Consider Privacy. When relationships are over there is a reasonable expectation that both spouses will be allowed to move on independently with their own lives and will have the privacy to do so. Typically each spouse moves into their separate housing arrangement that provides that privacy. Sharing living space necessarily takes away some of that privacy. A window remains open into the lives of each other which may not really matter to you, but is certainly another consideration as you explore this option.
Consider New Relationships. Hand in hand with privacy is the eventuality that one or both spouses will move into a new relationship. What does that look like with the sharing of space? A nesting situation may create challenges in the new relationship, and while it is helpful to have communication between spouses when new partners are being introduced to the children, the moving in and out of the family home may no longer work when there are new partners and new relationships involved. A new relationship may be the furthest thing from your mind when you are going through a divorce, but it is very likely this development awaits somewhere on the not too distant horizon.

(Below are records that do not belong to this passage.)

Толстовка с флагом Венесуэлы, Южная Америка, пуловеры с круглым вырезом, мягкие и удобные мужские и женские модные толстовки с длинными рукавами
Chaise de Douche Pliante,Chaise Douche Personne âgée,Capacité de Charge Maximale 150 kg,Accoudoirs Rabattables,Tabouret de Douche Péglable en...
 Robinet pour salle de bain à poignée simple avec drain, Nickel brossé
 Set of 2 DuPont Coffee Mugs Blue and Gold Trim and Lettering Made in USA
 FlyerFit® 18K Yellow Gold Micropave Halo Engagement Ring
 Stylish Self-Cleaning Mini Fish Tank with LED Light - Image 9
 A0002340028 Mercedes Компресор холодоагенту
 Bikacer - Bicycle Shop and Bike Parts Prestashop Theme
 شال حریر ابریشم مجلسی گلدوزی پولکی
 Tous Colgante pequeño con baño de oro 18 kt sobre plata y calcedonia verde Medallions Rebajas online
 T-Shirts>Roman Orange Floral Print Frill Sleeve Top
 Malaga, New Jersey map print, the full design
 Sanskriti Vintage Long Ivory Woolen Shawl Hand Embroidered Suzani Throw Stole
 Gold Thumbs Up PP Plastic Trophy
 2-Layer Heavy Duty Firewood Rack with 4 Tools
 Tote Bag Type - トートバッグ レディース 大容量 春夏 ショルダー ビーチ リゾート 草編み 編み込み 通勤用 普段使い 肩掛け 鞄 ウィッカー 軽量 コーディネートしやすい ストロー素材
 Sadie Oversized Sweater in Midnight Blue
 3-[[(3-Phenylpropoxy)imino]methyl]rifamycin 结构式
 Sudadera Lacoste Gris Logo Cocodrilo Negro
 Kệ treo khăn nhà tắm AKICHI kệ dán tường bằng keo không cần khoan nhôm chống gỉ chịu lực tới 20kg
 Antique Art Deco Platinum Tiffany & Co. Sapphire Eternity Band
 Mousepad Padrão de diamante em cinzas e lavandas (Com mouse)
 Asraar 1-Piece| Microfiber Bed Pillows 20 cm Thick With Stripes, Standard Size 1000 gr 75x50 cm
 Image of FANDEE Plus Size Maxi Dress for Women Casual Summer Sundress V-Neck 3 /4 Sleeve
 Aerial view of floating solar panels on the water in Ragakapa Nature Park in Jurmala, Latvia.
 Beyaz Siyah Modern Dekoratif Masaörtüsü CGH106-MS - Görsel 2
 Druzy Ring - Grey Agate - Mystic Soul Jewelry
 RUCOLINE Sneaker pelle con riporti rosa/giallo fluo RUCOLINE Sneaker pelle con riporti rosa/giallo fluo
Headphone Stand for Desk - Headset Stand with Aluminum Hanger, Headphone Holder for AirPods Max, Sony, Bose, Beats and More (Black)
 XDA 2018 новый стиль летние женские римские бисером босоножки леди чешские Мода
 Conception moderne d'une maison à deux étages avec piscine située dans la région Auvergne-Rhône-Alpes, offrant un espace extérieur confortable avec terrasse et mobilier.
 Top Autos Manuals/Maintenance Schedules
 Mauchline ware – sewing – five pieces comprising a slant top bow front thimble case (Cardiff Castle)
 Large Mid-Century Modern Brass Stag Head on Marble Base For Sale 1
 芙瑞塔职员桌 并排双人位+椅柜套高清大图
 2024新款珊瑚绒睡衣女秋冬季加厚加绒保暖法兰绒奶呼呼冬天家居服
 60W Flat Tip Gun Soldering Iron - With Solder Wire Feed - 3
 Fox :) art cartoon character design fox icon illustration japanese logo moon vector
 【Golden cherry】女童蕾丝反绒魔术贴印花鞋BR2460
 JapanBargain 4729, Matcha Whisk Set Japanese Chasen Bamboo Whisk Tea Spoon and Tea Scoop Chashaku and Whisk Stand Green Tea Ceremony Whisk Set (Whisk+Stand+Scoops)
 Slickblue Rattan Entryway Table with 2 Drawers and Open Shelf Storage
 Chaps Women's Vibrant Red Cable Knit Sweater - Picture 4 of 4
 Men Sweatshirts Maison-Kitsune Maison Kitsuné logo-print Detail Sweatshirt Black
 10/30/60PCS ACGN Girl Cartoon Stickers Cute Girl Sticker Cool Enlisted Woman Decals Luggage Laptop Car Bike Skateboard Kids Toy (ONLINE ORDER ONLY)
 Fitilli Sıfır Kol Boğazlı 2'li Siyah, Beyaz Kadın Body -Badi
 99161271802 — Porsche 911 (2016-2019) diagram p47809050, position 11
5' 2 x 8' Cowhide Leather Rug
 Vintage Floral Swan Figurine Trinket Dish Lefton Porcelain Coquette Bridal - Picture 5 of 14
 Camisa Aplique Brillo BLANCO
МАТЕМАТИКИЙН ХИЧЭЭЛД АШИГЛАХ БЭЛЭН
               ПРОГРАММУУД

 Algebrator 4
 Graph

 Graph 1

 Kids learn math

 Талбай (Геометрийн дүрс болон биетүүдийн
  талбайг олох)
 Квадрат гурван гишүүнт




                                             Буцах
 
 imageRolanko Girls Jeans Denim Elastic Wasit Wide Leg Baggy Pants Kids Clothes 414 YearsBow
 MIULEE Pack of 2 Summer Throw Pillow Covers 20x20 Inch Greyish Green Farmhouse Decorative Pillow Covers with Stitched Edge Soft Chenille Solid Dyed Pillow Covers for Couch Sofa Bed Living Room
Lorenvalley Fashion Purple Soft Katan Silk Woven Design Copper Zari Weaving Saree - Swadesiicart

Consider Finances. I mentioned finances as one of the benefits of nesting. Overall housing costs may be kept down by having one larger home to share the children and having the second smaller living spouse for the off duty parent. Sharing finances may result in some savings but it also can keep spouses more dependent on one another during a time when you are looking for independence. Nesting causes delay in financially moving on. There will be the natural adjustment to life after separation even with the ongoing nesting arrangement, and then there will be a whole other adjustment that takes place at the conclusion of the nesting period. Do you want to have another transition on the horizon? Maybe this isn’t an issue for you, but it certainly is something to consider as you explore the nesting option.
I have seen nesting work for couples. It can provide added stability to the children as they come to terms with the separation of their parents. It can allow children to remain in close proximity to their friends and school and minimize disruption to their routines. It can help soften the financial blow of moving from needing to maintain one home to two. It can also ease the couple into their new way of life after divorce. When considering moving forward with a nesting arrangement, just be sure to consider and plan for the challenges arising from remaining entangled, privacy concerns, new relationships, and financial adjustments. Finally, plan for transitioning when the nesting arrangement is no longer best for you or the children.